We then need to turn this information into runs and outs. Outs are essentially trivial with good enough defensive data, but the run conversion can come from linear weights, Base Runs (this is, of course, more accurate than linear weights), or any other run expectancy tool you can think of. With expected runs and outs, you can figure out how many runs you'd expect a pitcher given up per nine innings... to a point: We've neglected 'situational pitching'. Personally, I think this is an acceptable oversight, but it may well be that it can make a significant difference to our evaluation of pitchers. Certainly, it's something that will be fairly important to look into down the line.
So. Expected runs per nine. Using this combined with some function of batters faced leads you to a certain number of runs above average which eventually leads us to wins (and don't forget to park/league adjust!).
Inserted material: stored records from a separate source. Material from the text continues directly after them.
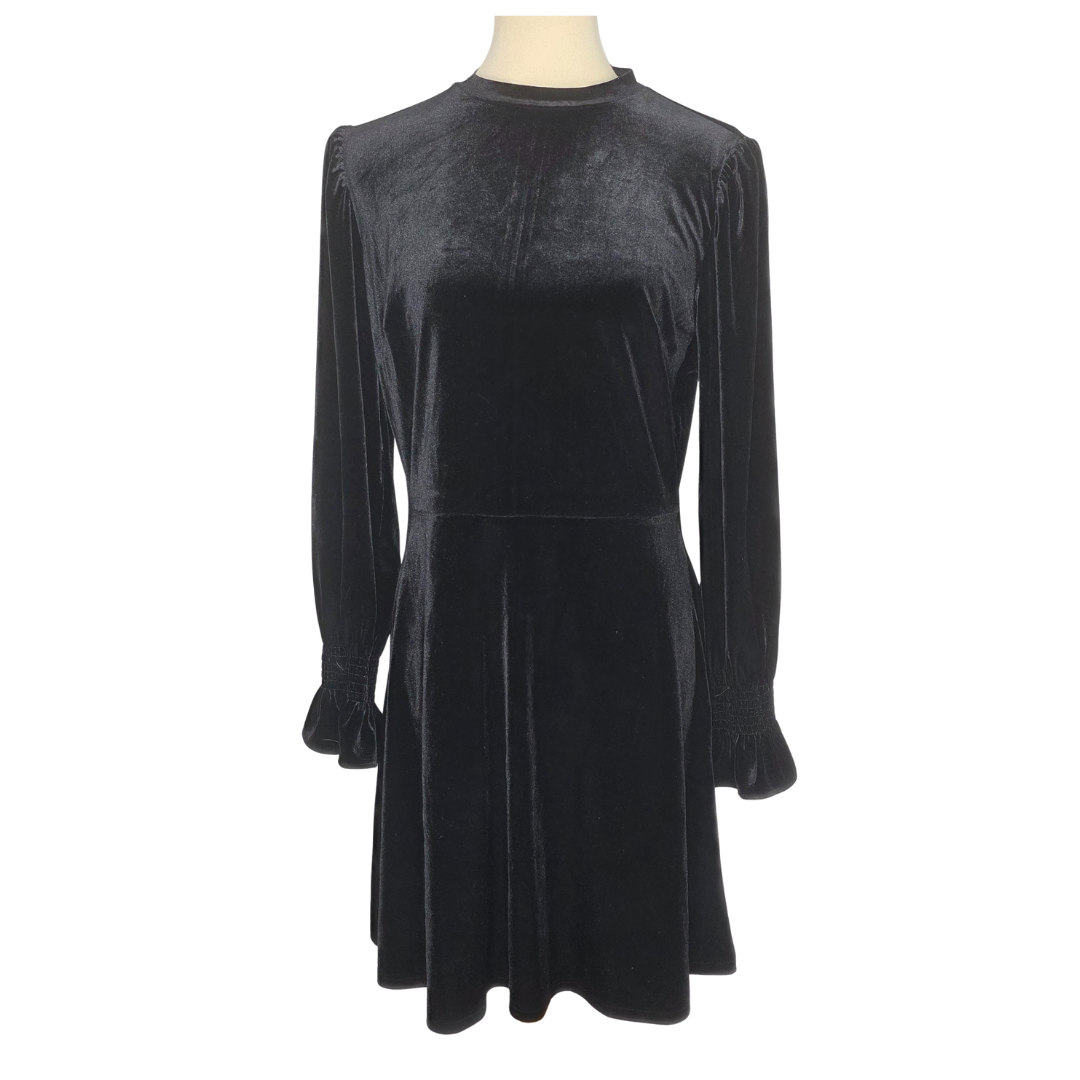 Black Velvet Preloved Long Sleeve Dress – LOFT – Size 6 – Wednesday Addams Goth Vibes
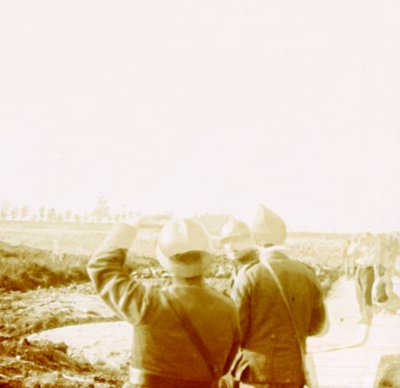Flugzeug über Schützengräben, Ramskapelle, Belgien, ca. 1914-1918 von Unbekannt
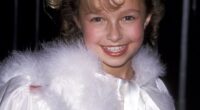 Hayden Panettiere, pictured 1998, has recalled the toll being a child star took on her ability to forge friendships with her classmates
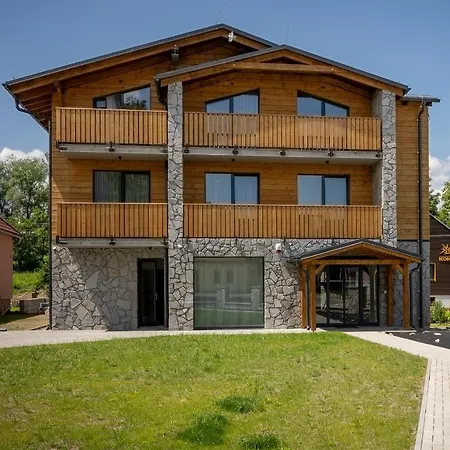 Berg Liptov 게스트하우스 4*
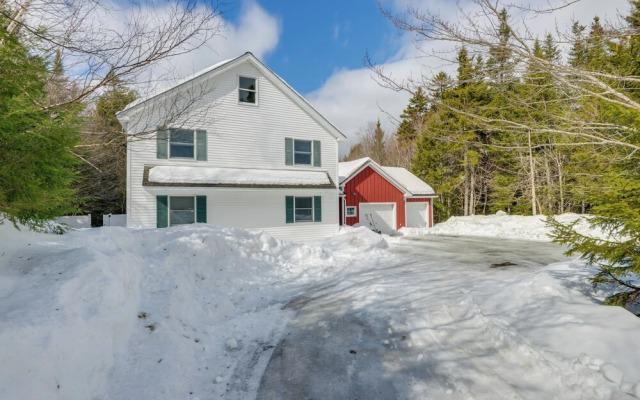 Ski, Golf & Hike: Spacious Dover Retreat!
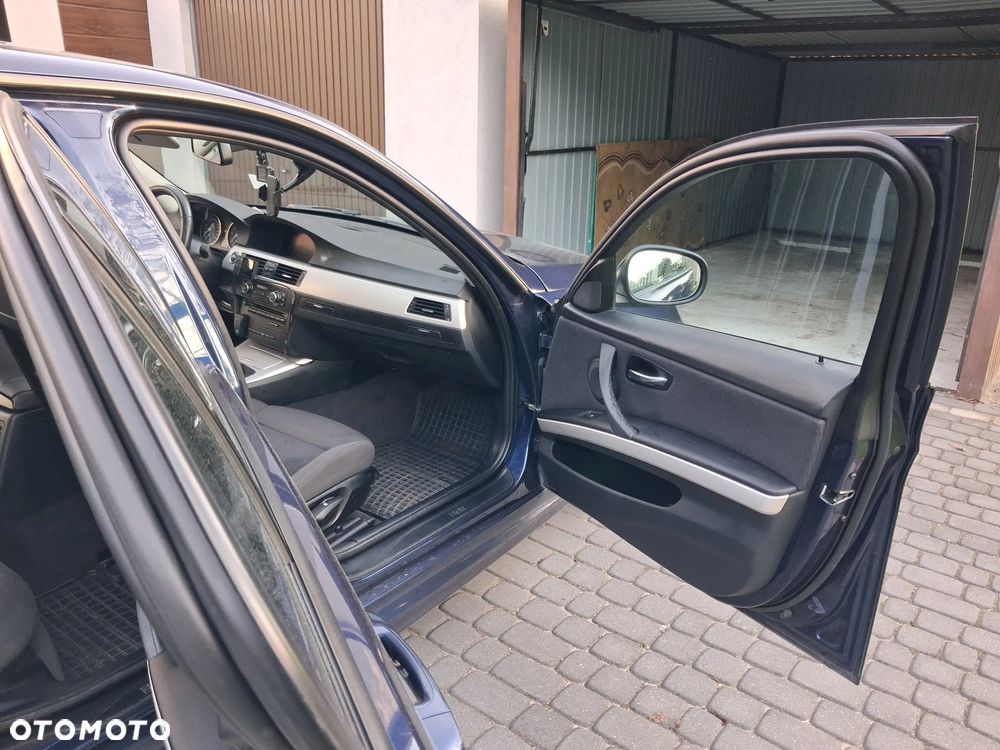 BMW Seria 3 320d xDrive - 22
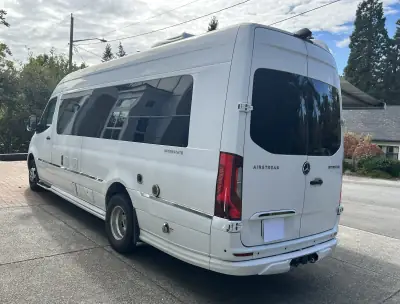 2021 AIRSTREAM INTERSTATE photo 3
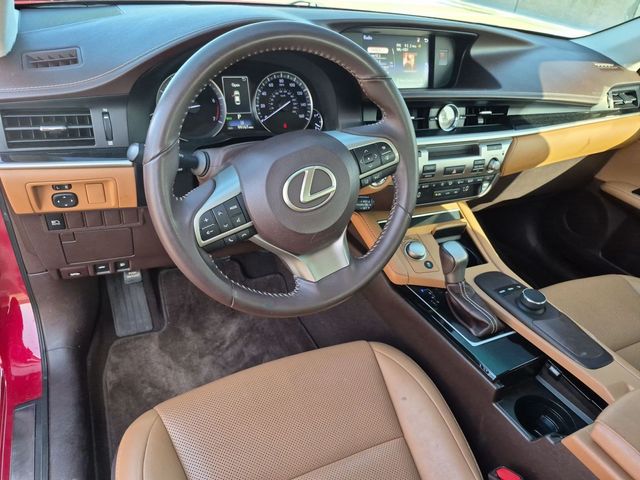 2018 Lexus ES 350 - Photo 9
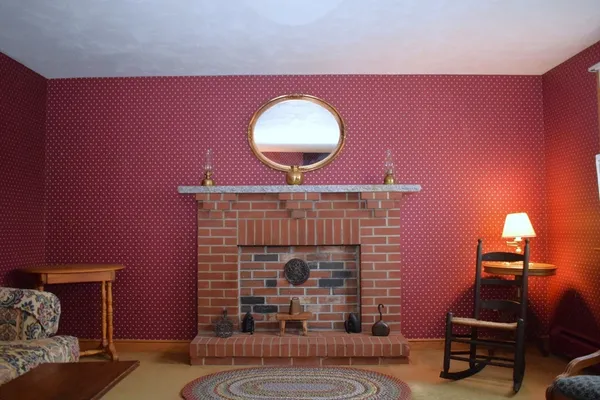 $649,000 | 144 Main Street, Kingston, NH 03848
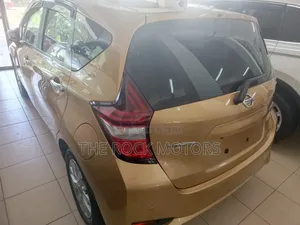Nissan Note 2018 Brown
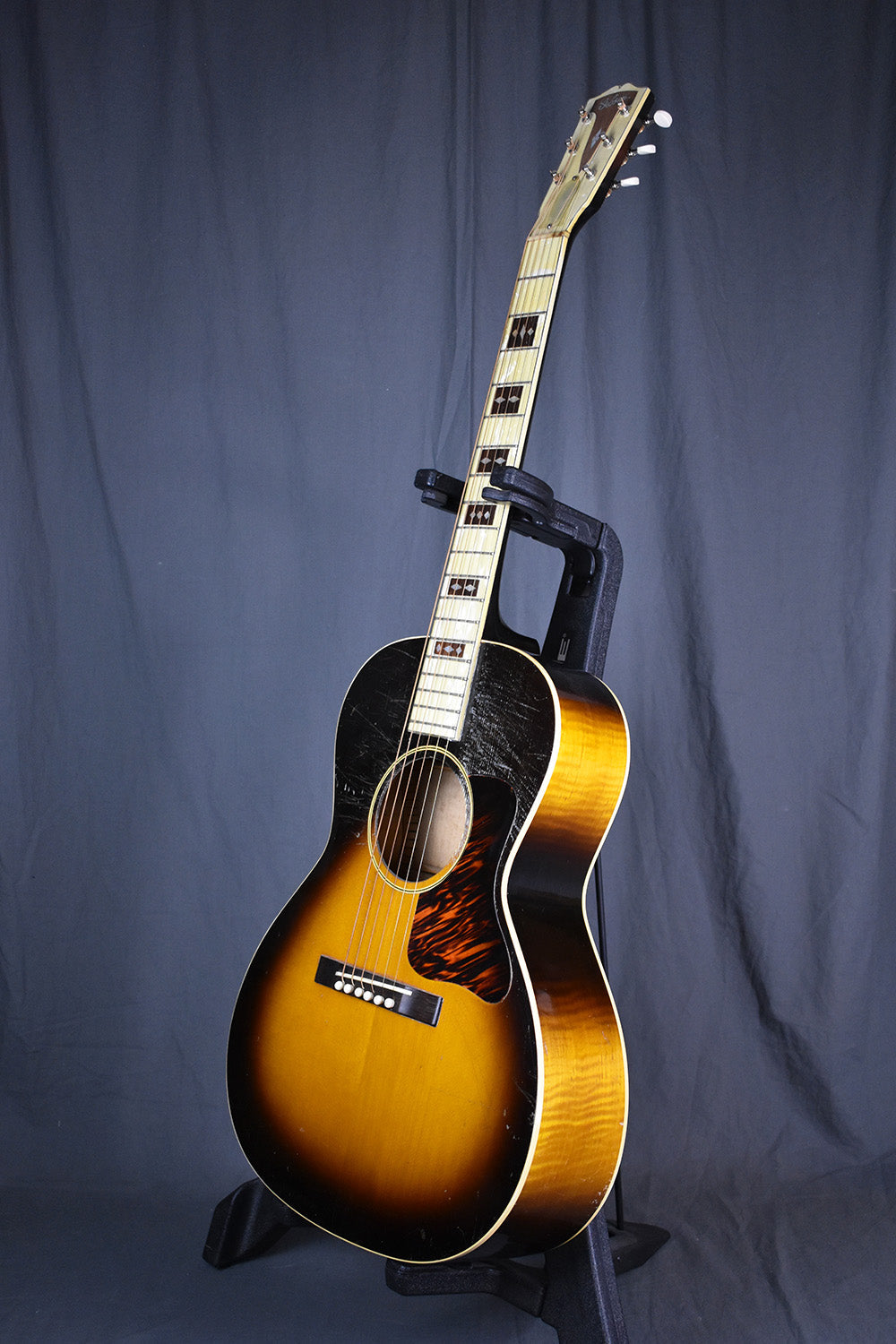 1937 Gibson L-Century of Progress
But many prefer a quite elegant shortcut: if we know the expected runs allowed per nine and the league average figure, we can use pythagorean theory to derive expected winning percentage. This is the number that WAR for pitchers is based on, and ultimately what we want to know. Getting to that point is just a matter of refining the method and using better data: our general theory is laid out pretty cleanly.
We should be careful to regress our numbers pretty severely when dealing with pitchers, as some of their outcomes are highly luck-dependent (notably home runs per fly ball, and to a lesser extent some ball in play classifications). As with everything we look at, remember that the data at hand never tells the whole story. Regression is the name of the game, and we want to apply it mercilessly when non-correlative statistics come into play. But we should also remember that there is real value in measuring what a pitcher actually has done, as well.
Things to Remember
- The transition between the rotation and the bullpen sees bullpen pitchers give up more walks, but less home runs and strikeouts. This results in replacement level being higher in the bullpen
- The National League doesn't see the designated hitter; the AL does. Keep this in mind when making league adjustments.
- Therefore, National League pitchers have some value tied up in hitting. Including a pitcher's batting ability can make a big difference in their valuation.
- An interesting technique to measuring bullpen effectiveness is to consider the average leverage of each 'role' in the pen. This has a multiplicative effect on the value of each player - a closer might see his LI at 2.00, for example, meaning that every run saved above average is really counting as double. We can use LI here because it is what is defining bullpen roles in the first place (admittedly, not that well, thanks to the saves rule).
- Remember to include 'scouting-style' information when you think about player value. Stuff, command... these are extremely important things to consider. Don't ever use one number as a crutch - that way lies dogma.